--- START ---

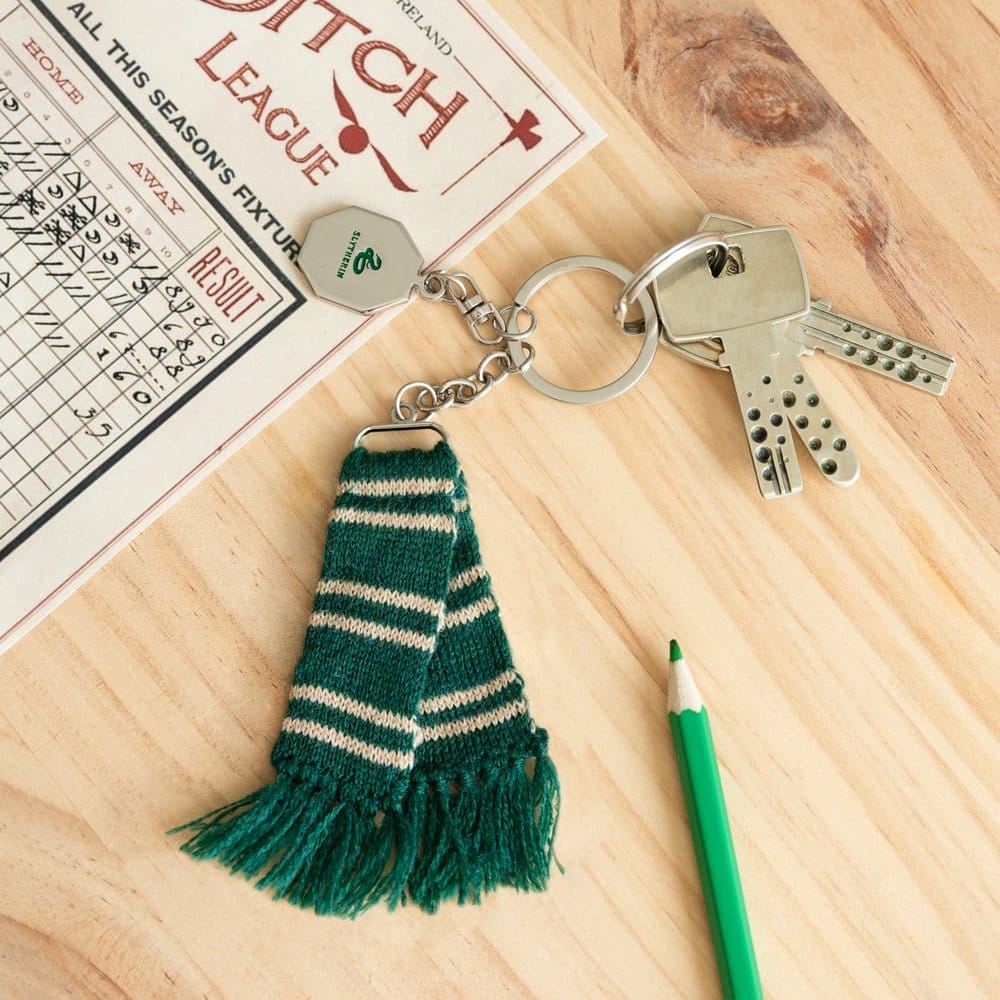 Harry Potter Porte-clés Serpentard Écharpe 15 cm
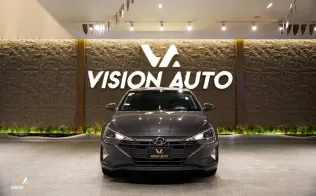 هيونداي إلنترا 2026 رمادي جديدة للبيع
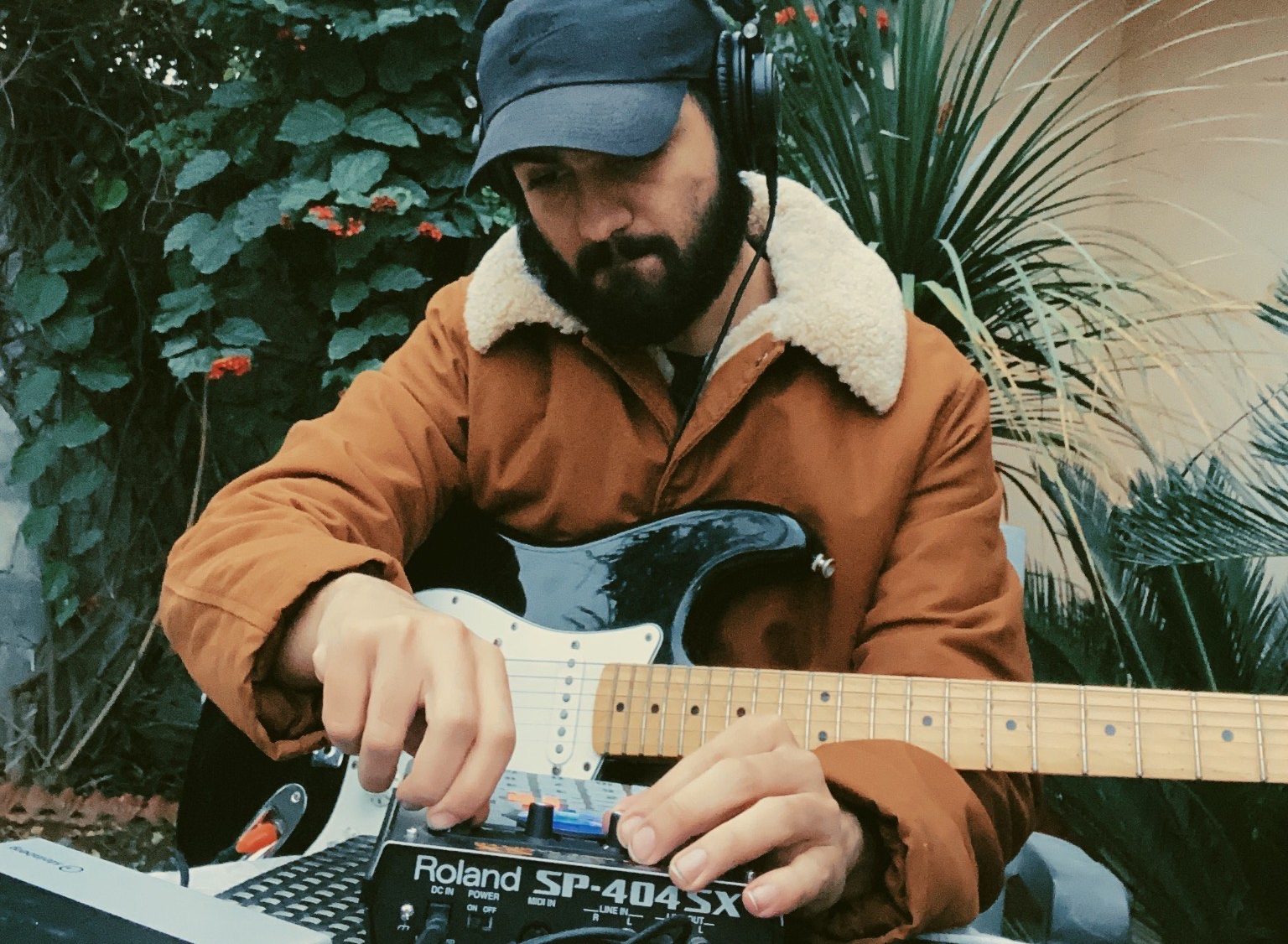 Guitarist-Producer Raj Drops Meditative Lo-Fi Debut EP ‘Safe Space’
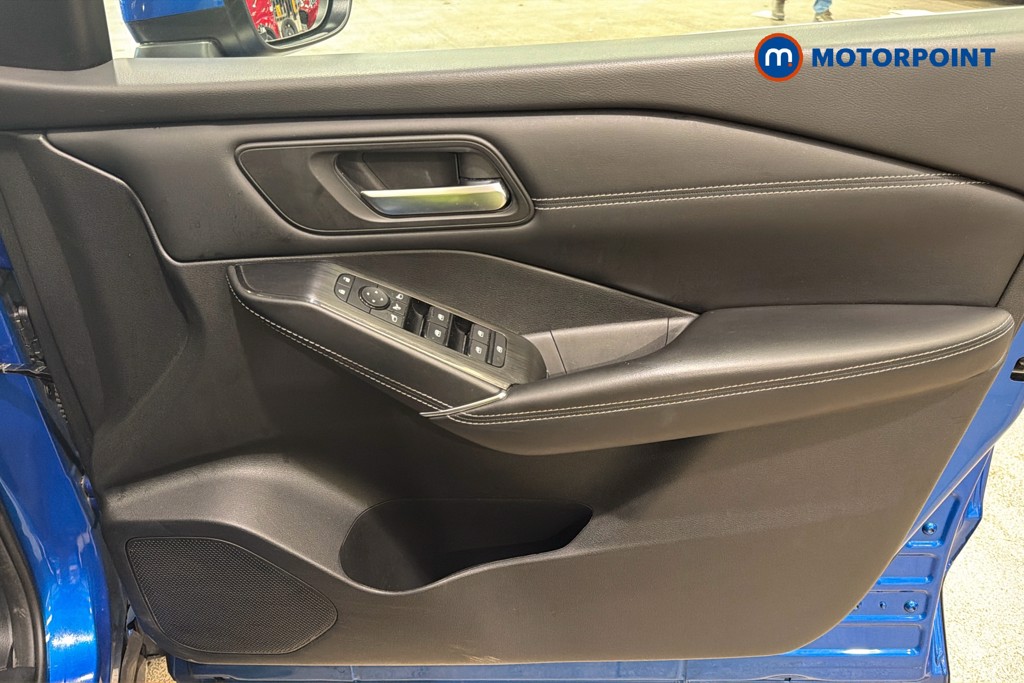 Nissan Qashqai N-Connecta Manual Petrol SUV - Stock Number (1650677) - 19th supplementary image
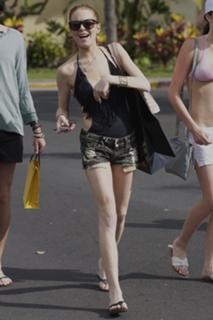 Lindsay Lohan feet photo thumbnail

--- END ---

TO DO:
Would you please retype all the data exactly? Leave out whatever pictures it holds.

RESPONSE:
 Harry Potter Porte-clés Serpentard Écharpe 15 cm
 هيونداي إلنترا 2026 رمادي جديدة للبيع
 Guitarist-Producer Raj Drops Meditative Lo-Fi Debut EP ‘Safe Space’
 Nissan Qashqai N-Connecta Manual Petrol SUV - Stock Number (1650677) - 19th supplementary image
 Lindsay Lohan feet photo thumbnail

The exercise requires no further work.